Pickled Shrimp (New Orleans Style)

Pickled Shrimp (New Orleans Style)


What You’ll Need

  • 3 pounds raw large shrimp (shells and tails on)
  • 1 large sweet onion cut into quarters and sliced
  • 1 1/2 teaspoon celery seed
  • 1 cup extra virgin olive oil
  • ¼ cup white wine vinegar
  • 6 garlic cloves thinly sliced
  • 14 bay leaves
  • 1 teaspoon fennel seed
  • 1 1/2 teaspoon mustard seed
  • 2 teaspoons dried chili seeds
  • 1 teaspoon white pepper
  • 1 teaspoon coriander seeds or 2 Tablespoons fresh chopped
  • 2 fresh lemons sliced, plus ½ cup fresh lemon juice



Boil shrimp till orange in color, opaque throughout and shaped like a C. Remove shells; leaving tails on. Tip: bring 3 quarts of salted water to a boil; add shrimp and turn down heat to simmer and let shrimp steep Shrimp are best when cooked gently.
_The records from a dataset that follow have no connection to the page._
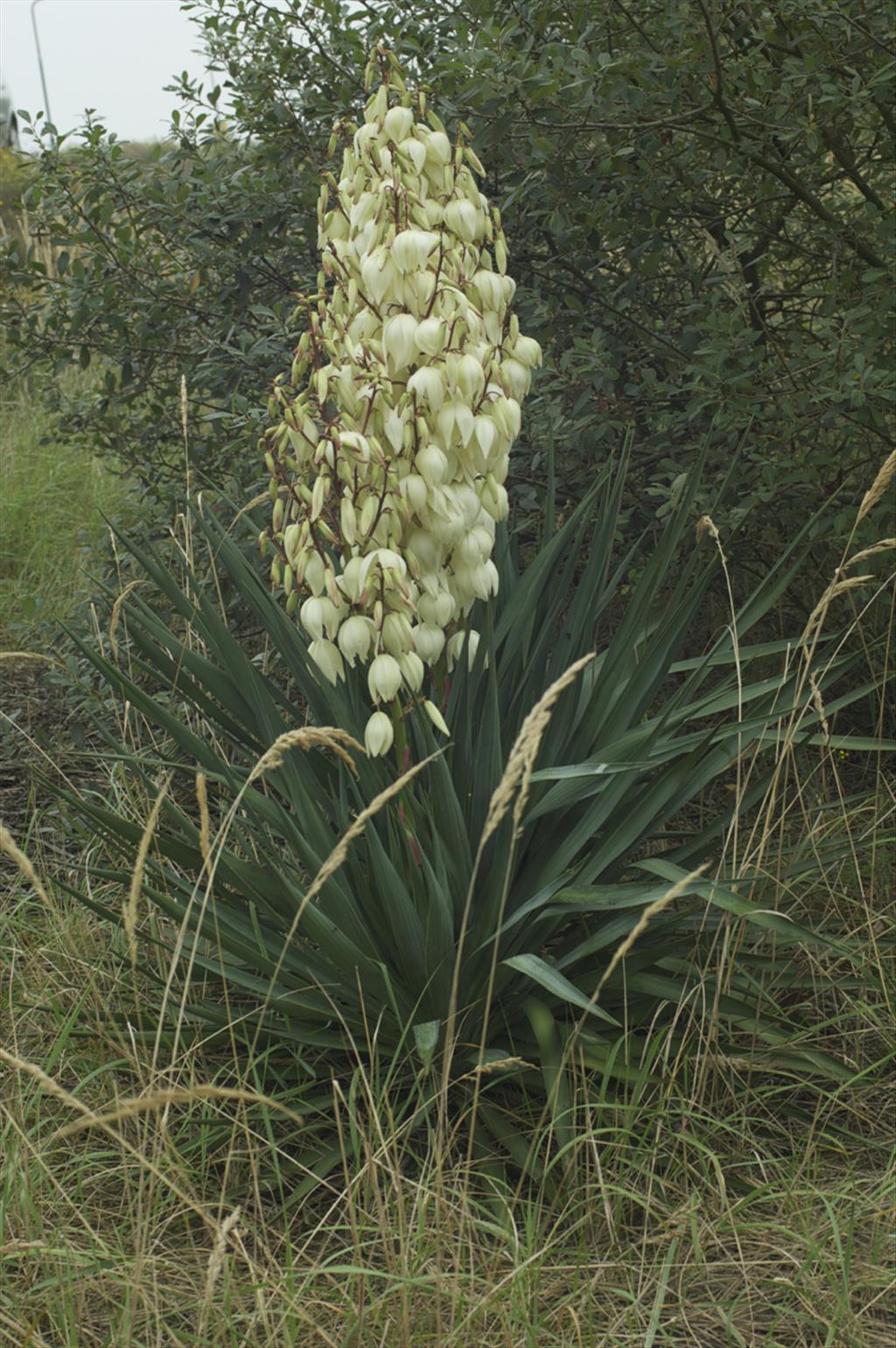 Yucca filamentosa (door Baudewijn Odé)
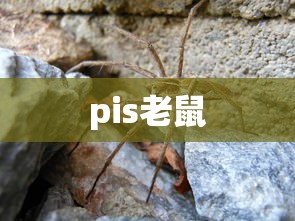 pis老鼠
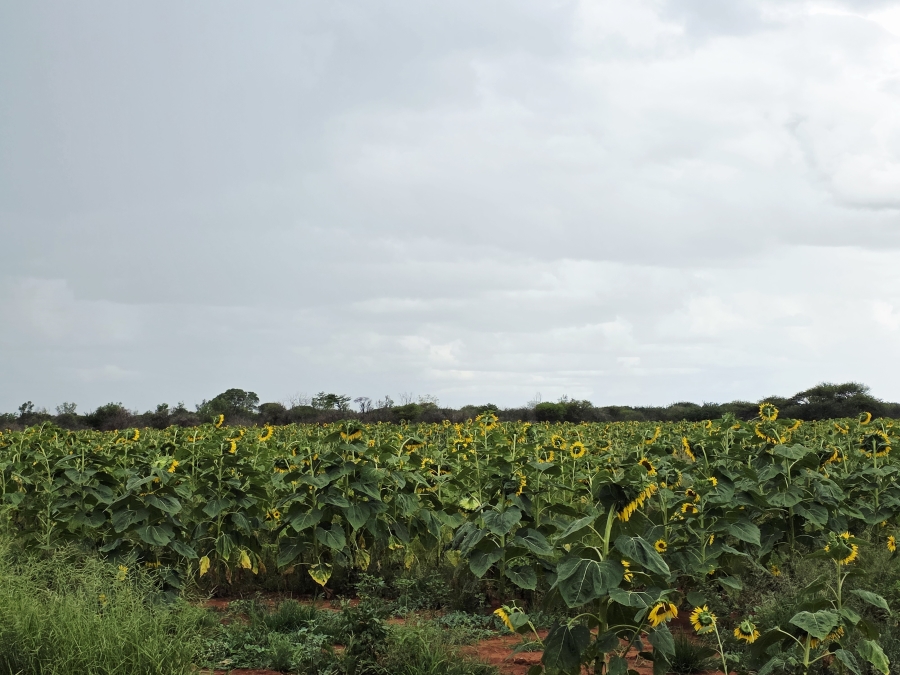 4 Bedroom Property for Sale in Crecy Limpopo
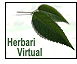 Herbs of the Islands on the Net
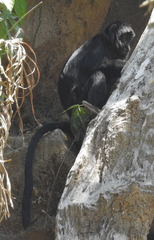 Trachypithecus auratus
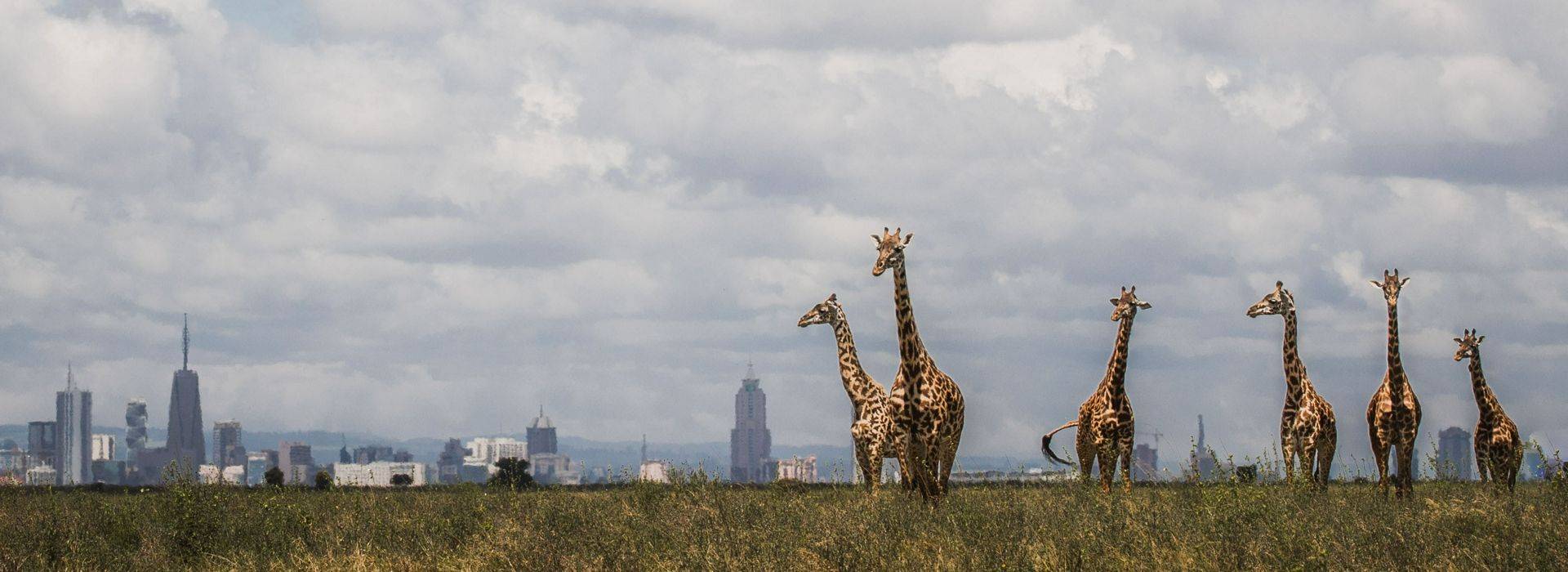 African Travel Inc Kenya -The Emakoko_ Nairobi Skyline decorated by giraffes.jpg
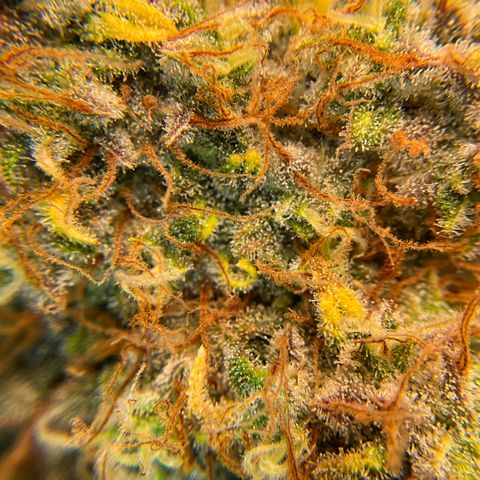 Amelia Earhart growlog timeline photo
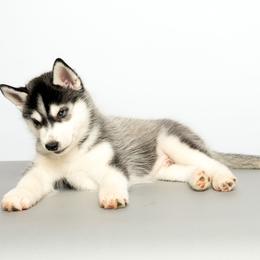 Byron - Black and white male Siberian Husky puppy in Meadow Vista, California from Thistle Hill Siberians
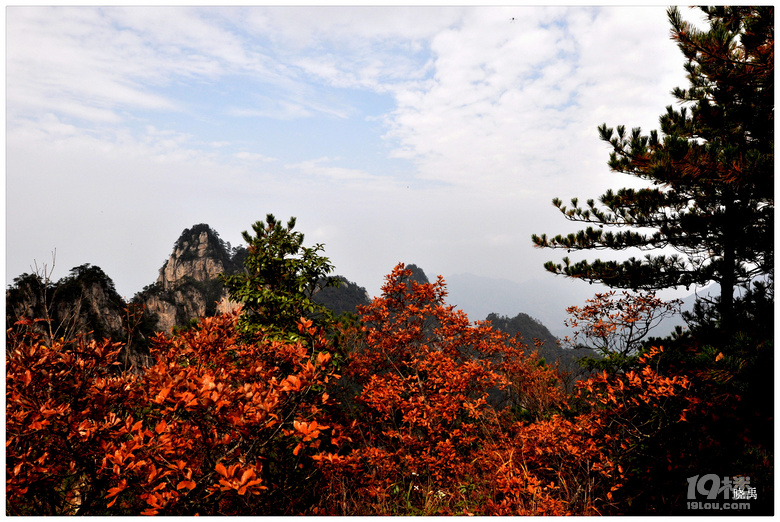 【杭州秋景地圖】秋天杭州景色哪里適合旅游?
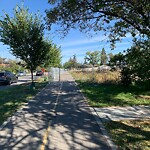 Fence or Structure Concern - City Property at 3412 37 St SW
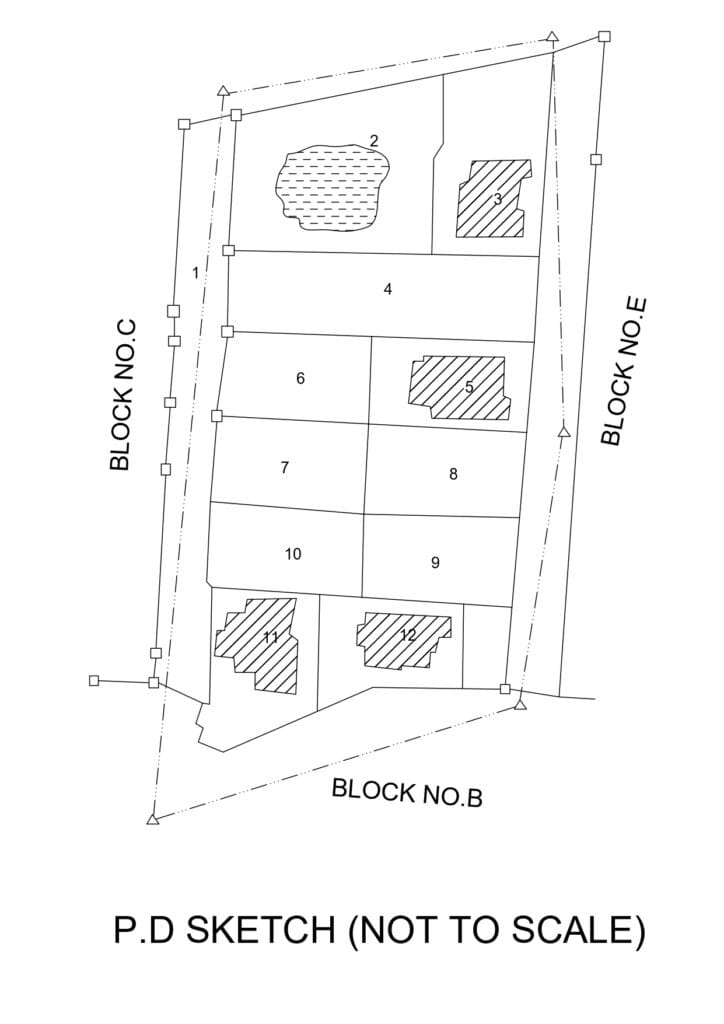 Preliminary demarcation sketch in town survey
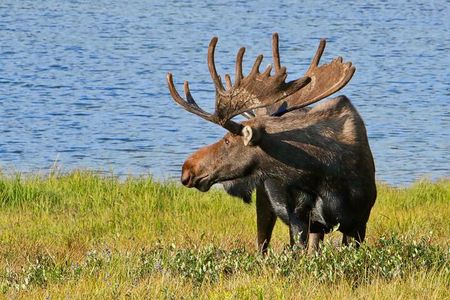 Rocky Mountain National Park Tour - RMNPhotographer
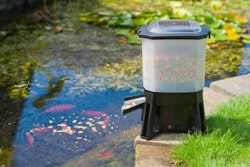 Ubbink Koi Feeder - Automatischer Solar-Fischfutter-Spender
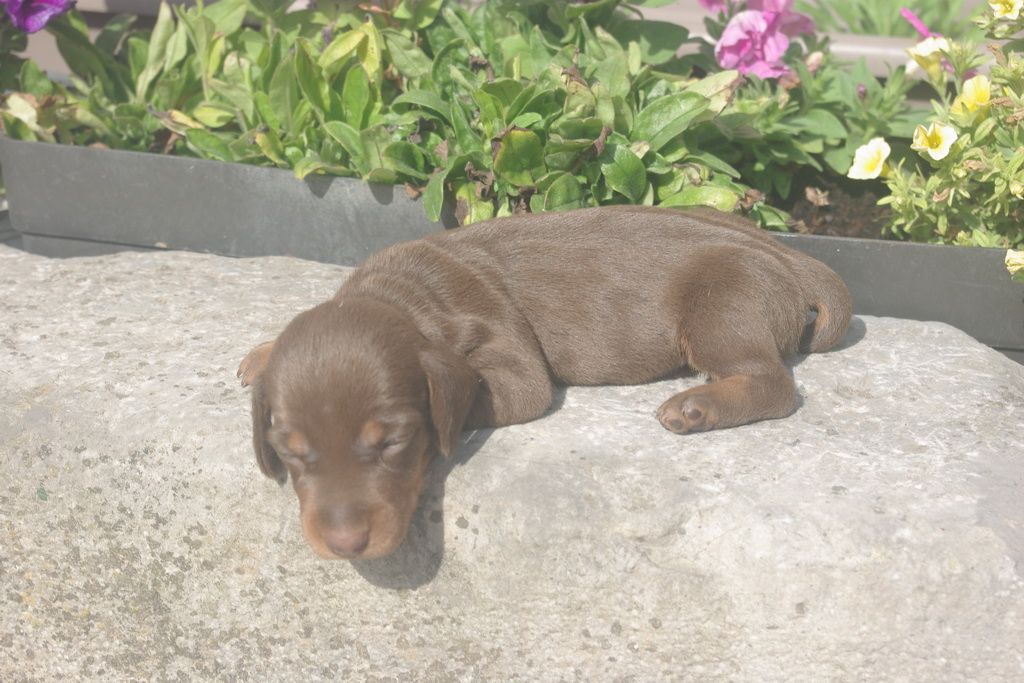 images/contenu/Chiots/teckel/005/9-teckel_5.jpg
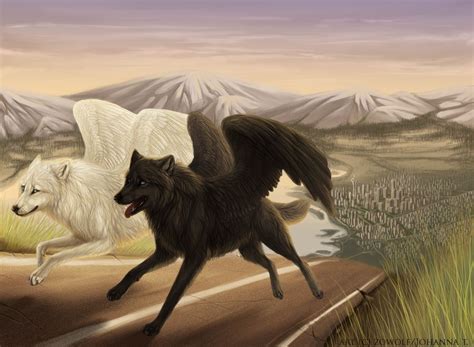 Winged Wolf Animation Animaux Animal Fantastique Images Loup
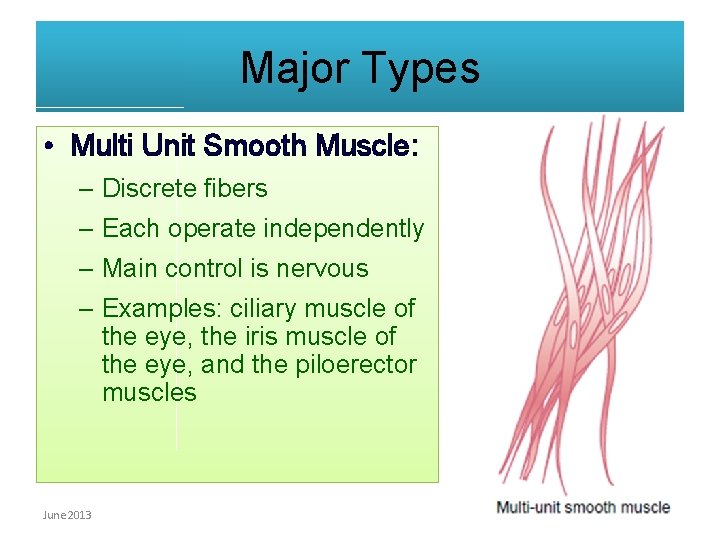 Major Types • Multi Unit Smooth Muscle: – Discrete fibers – Each operate independently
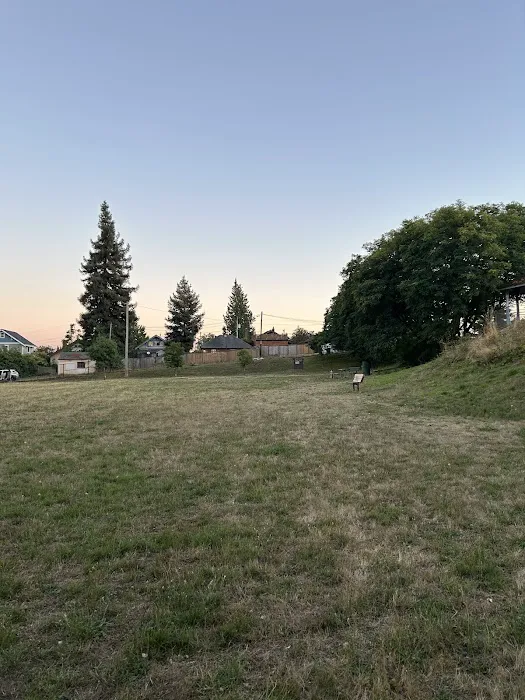 Rogers Dog Park 2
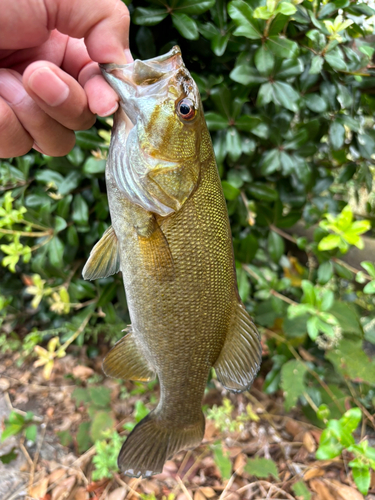 スモールマウスバスの釣果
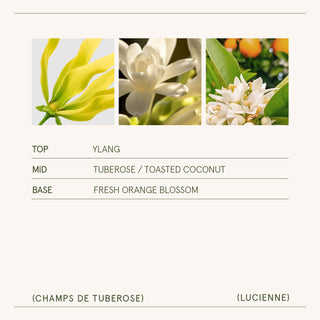 Champs de Tuberose Candle | Lucienne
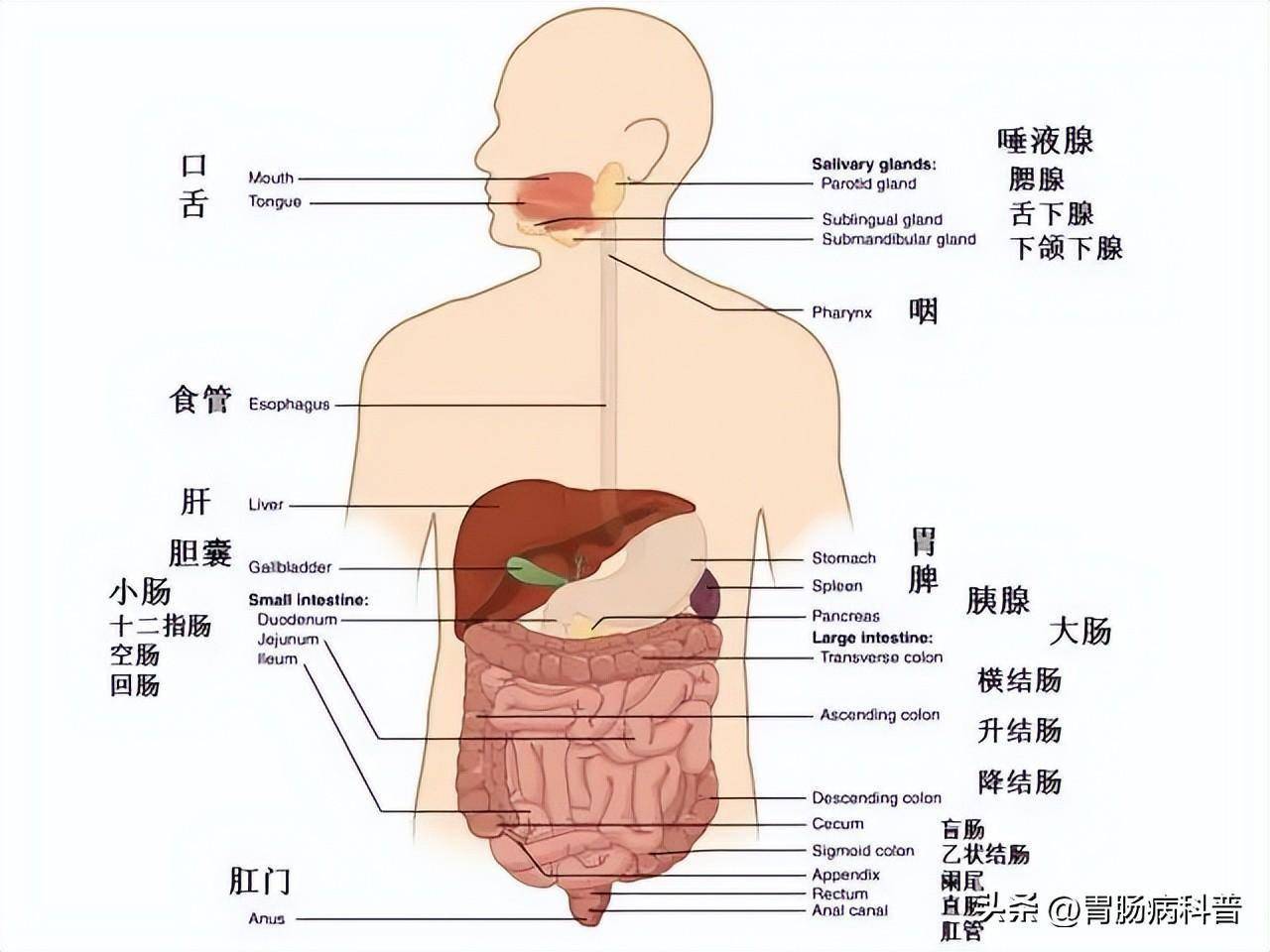 腹部及消化道解剖图谱
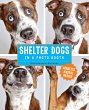 Shelter Dogs in a Photo Booth (eBook,... - Bild 1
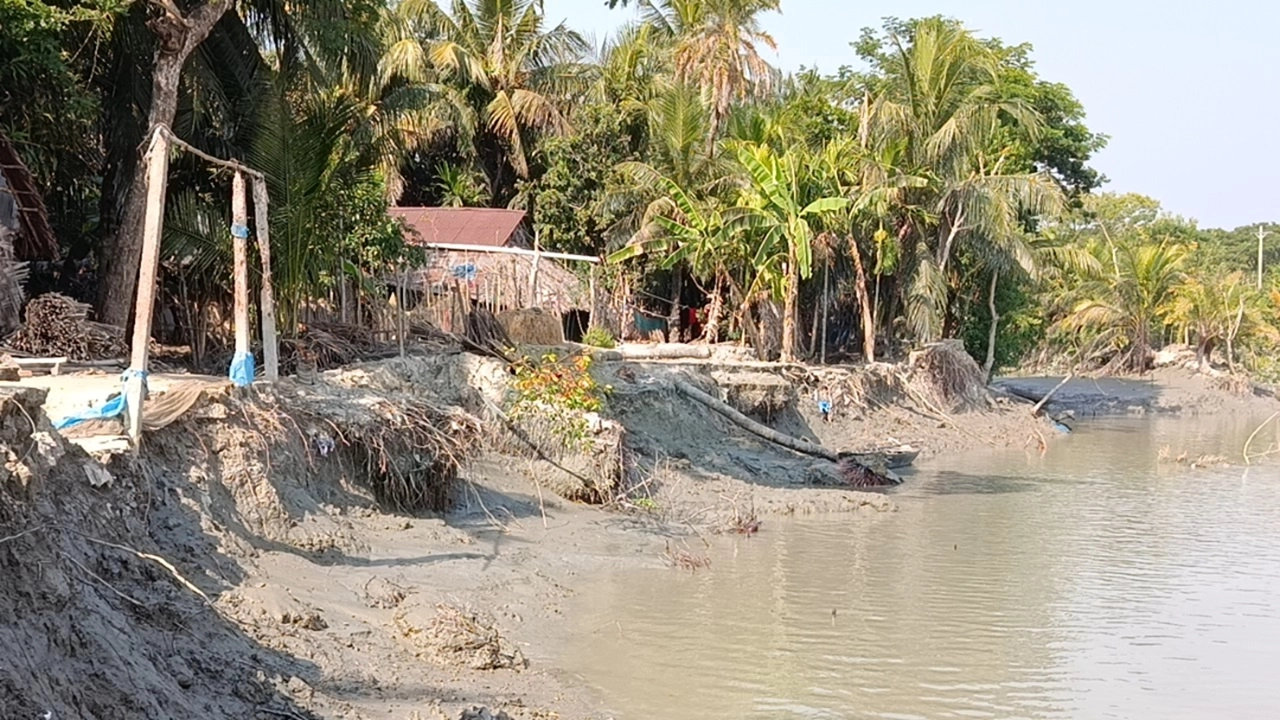 ছবি: এনপিবি নিউজ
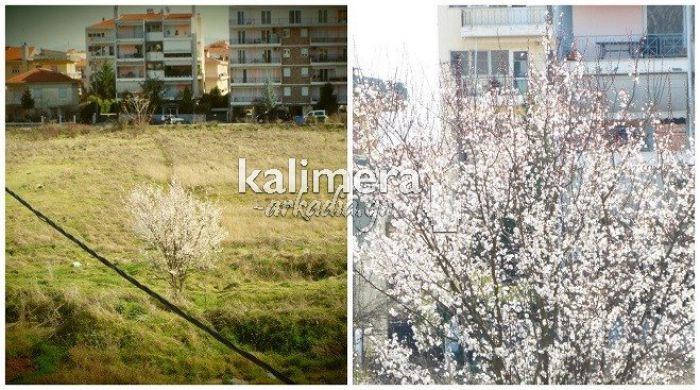 Άρχισε να &quot;μυρίζει&quot; Άνοιξη στην Τρίπολη (εικόνες)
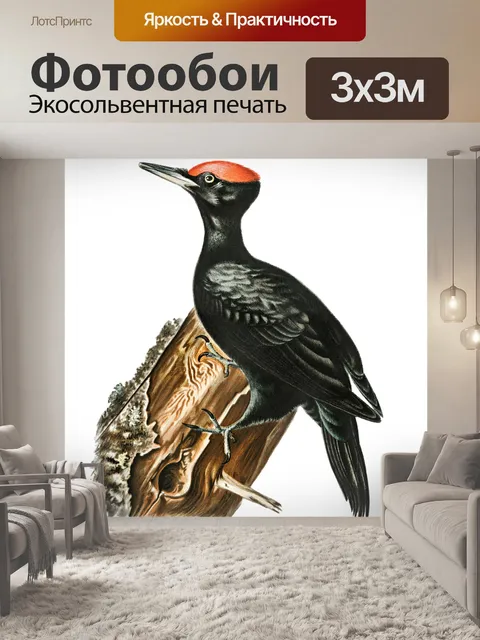 Фотообои Черный дятел птица клипарт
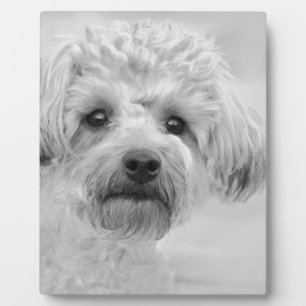 Plaque Photo Awesome Yorkie Poo dans les tons Sepia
Combine all the above except the lemon slices; in a large mixing bowl. Gently toss to coat the shrimp with the mixture. Place the lemon slices on the top and cover. Let marinate in the refrigerator overnight or at least 7-8 hours.


Transfer to a clean glass bowl or large plate before serving and garnish with additional fresh herbs such as sage leaves, coriander or cilantro leaves.